DESCRIPTION OF THE TASK: What you write must be the lines from the one holding "vidaXL 4-tlg. Sofagarnitur" through the final line of the records below, reproduced exactly, minus the pictures.

INFORMATION:
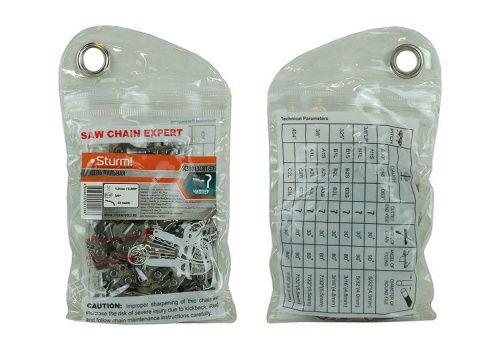 Цепь  Sturm 57 звеньев, паз 0,050", шаг 3/8", КРУГЛЫЙ ХРОМИРОВАННЫЙ, КАЛЕНЫЙ зуб-Tehinstrument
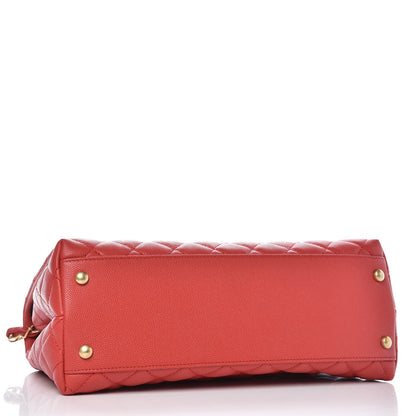 Chanel Caviar Quilted Small Coco Handle Flap Red 4 of 9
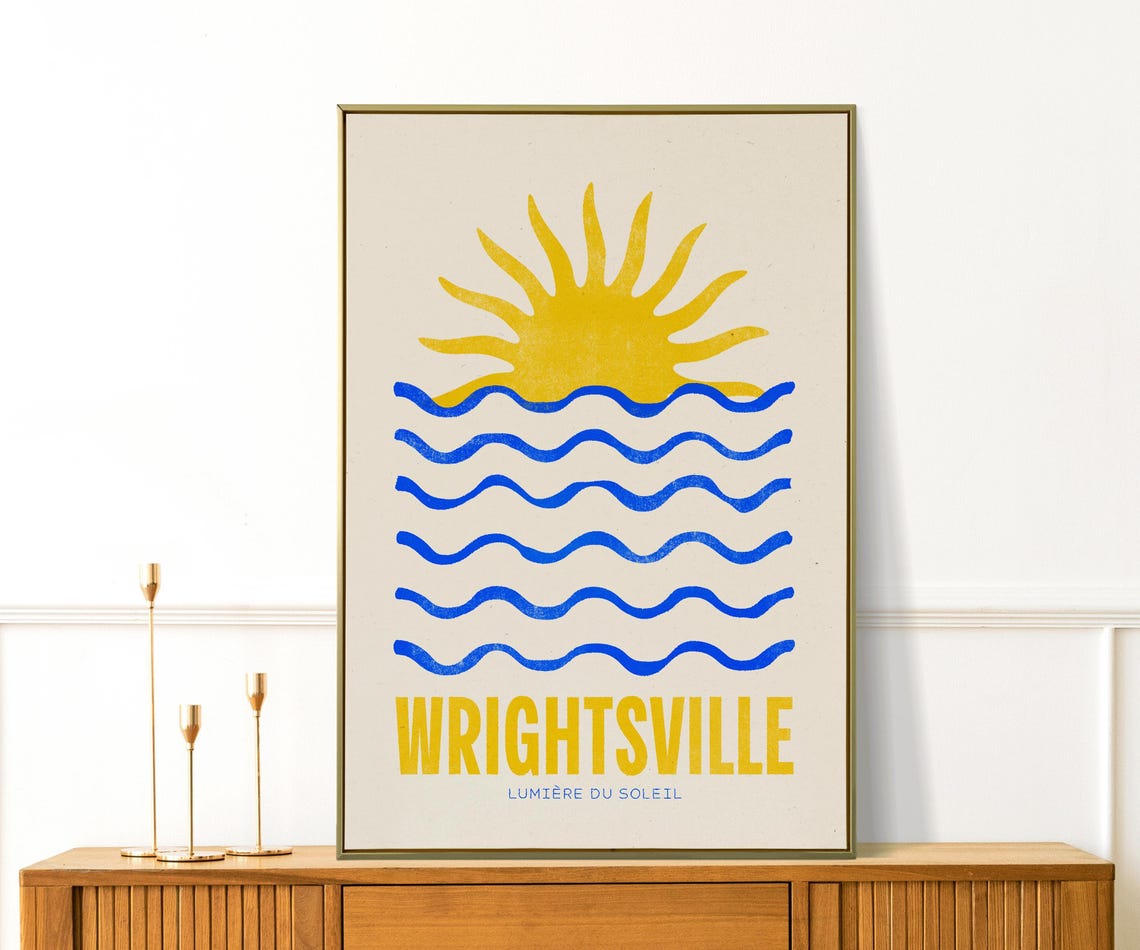 Wrightsville Lumiere du Soleil Yellow Sun Blue Waves Beach Poster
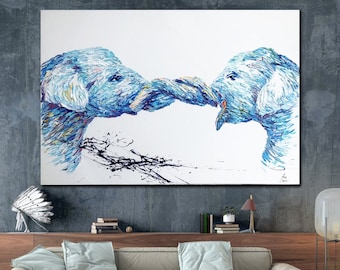 Extra Large Elephant Wall Art Oil Paintings On Canvas Couple Of Elephant Modern Wall Art Original Artwork Framed Art Elephant Abstract Art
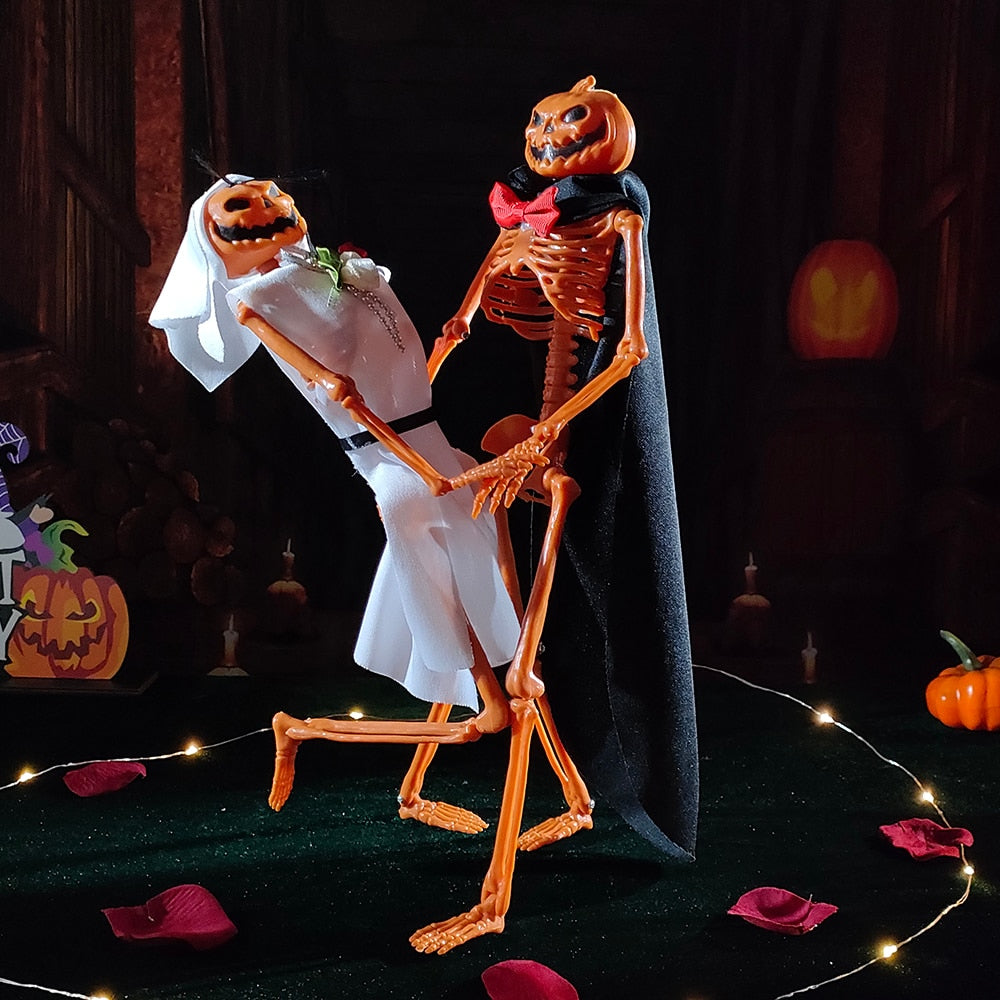 1 Set Halloween Skeleton Nevěsta a ženich Horror Human Bones Skeleton Dekorace Halloween Party Dekorace laskavosti Scary Reps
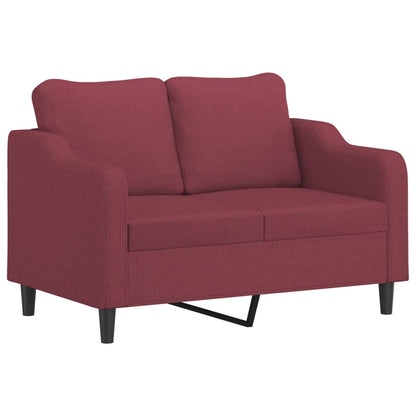 vidaXL 4-tlg. Sofagarnitur mit Kissen Weinrot Stoff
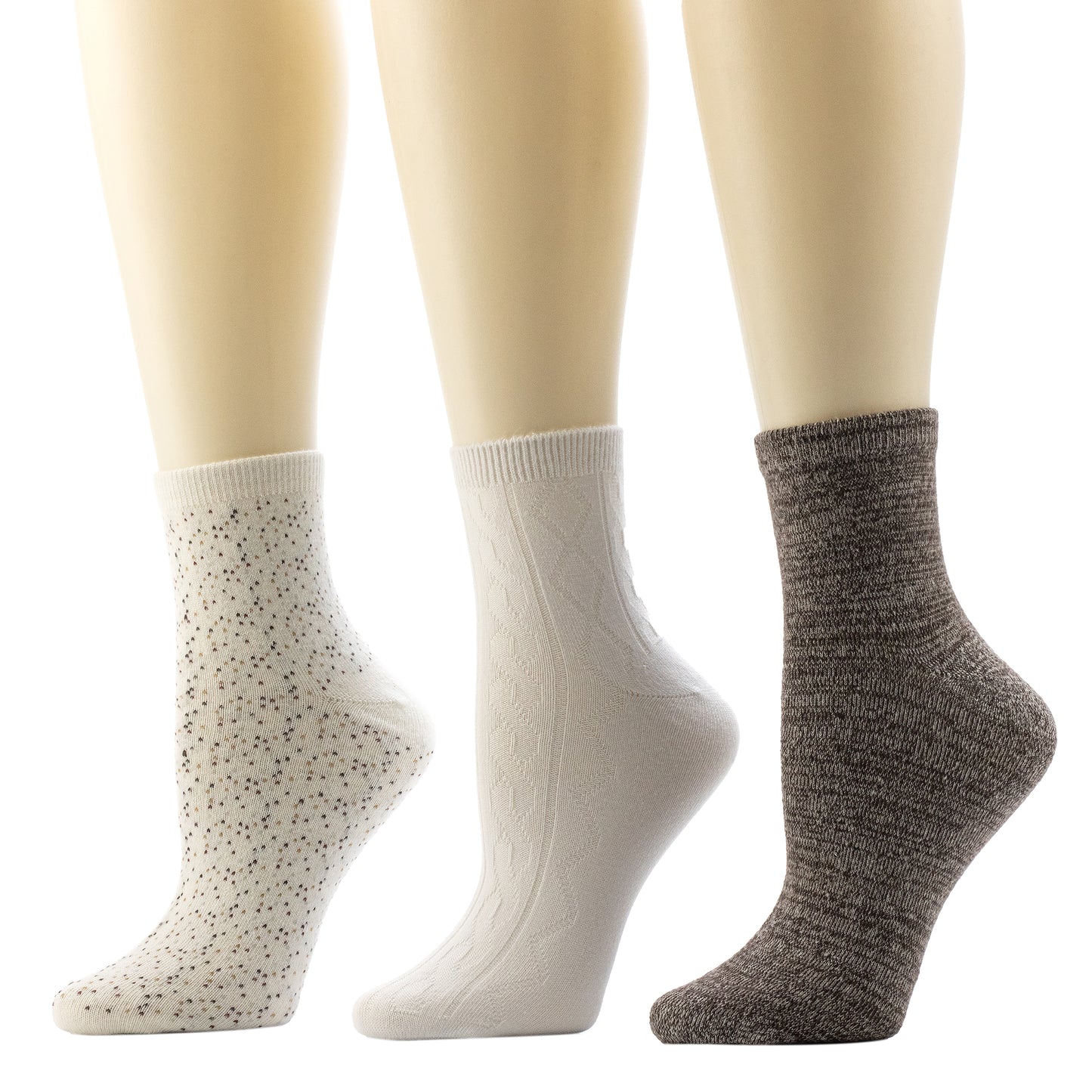Marshmallow/White/Iron; @Mannequins wearing Scattered Birdseye Anklet Sock 3-Pack
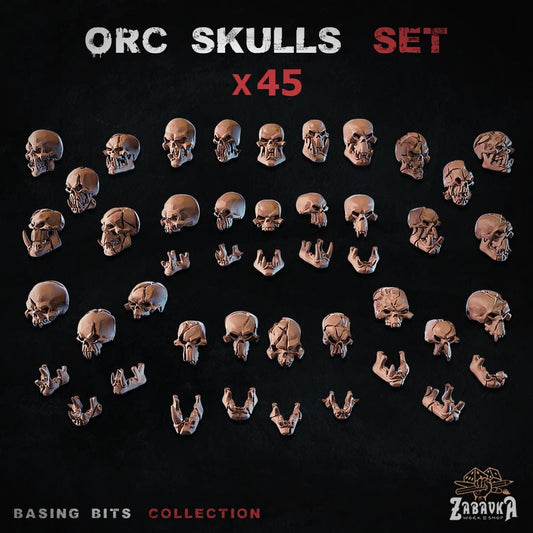 Orc Skull Basing Bits | Miniature Base Decoration Resin Pieces | Tabletop Wargaming Diorama Accessories | Fantasy Hobby Skull Scatter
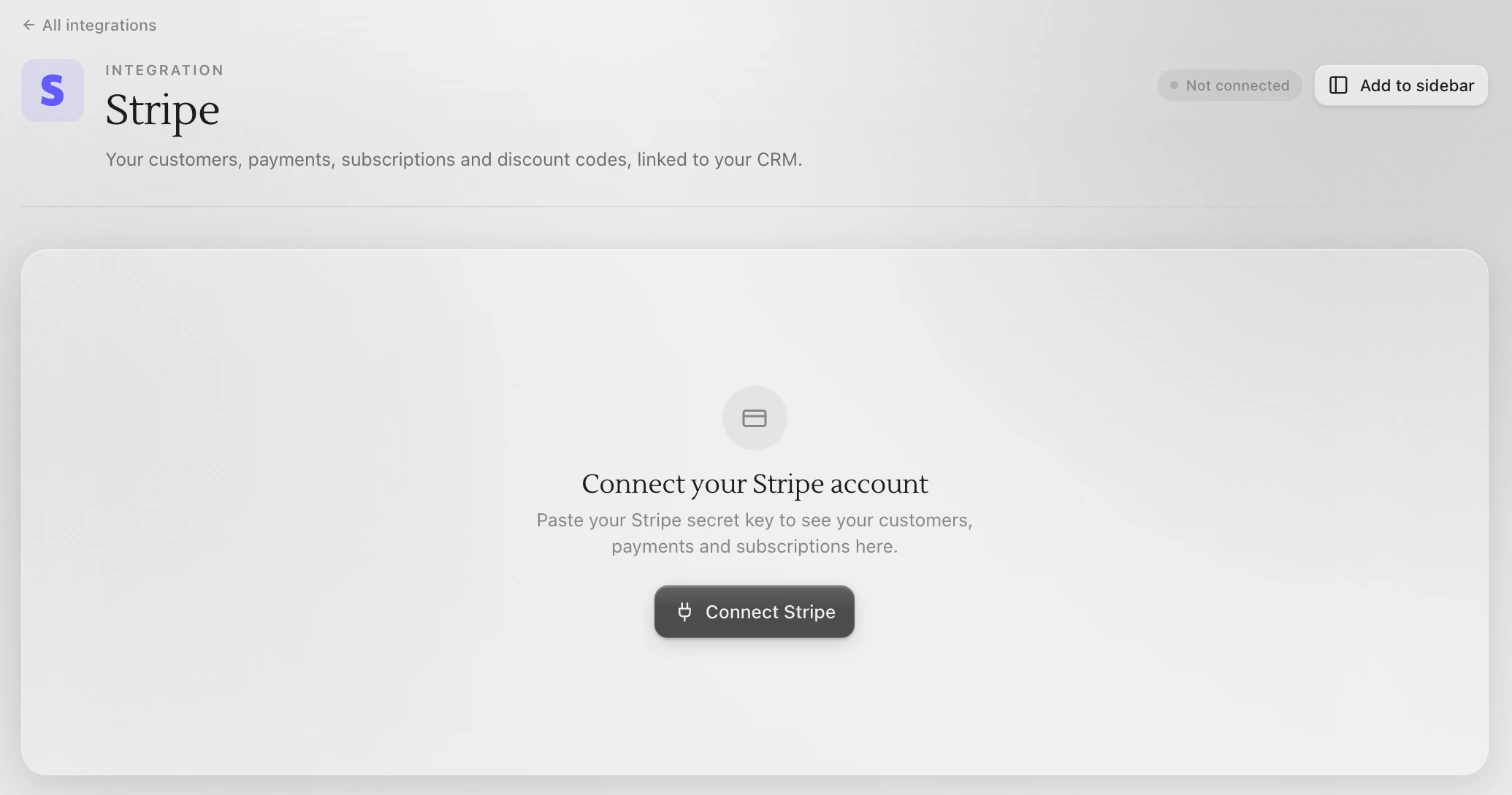 The Stripe page in Sapt, not connected yet, with the Connect your Stripe account card and the Connect Stripe button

RESULT OF THE TASK:
 vidaXL 4-tlg. Sofagarnitur mit Kissen Weinrot Stoff
Marshmallow/White/Iron; @Mannequins wearing Scattered Birdseye Anklet Sock 3-Pack
 Orc Skull Basing Bits | Miniature Base Decoration Resin Pieces | Tabletop Wargaming Diorama Accessories | Fantasy Hobby Skull Scatter
 The Stripe page in Sapt, not connected yet, with the Connect your Stripe account card and the Connect Stripe button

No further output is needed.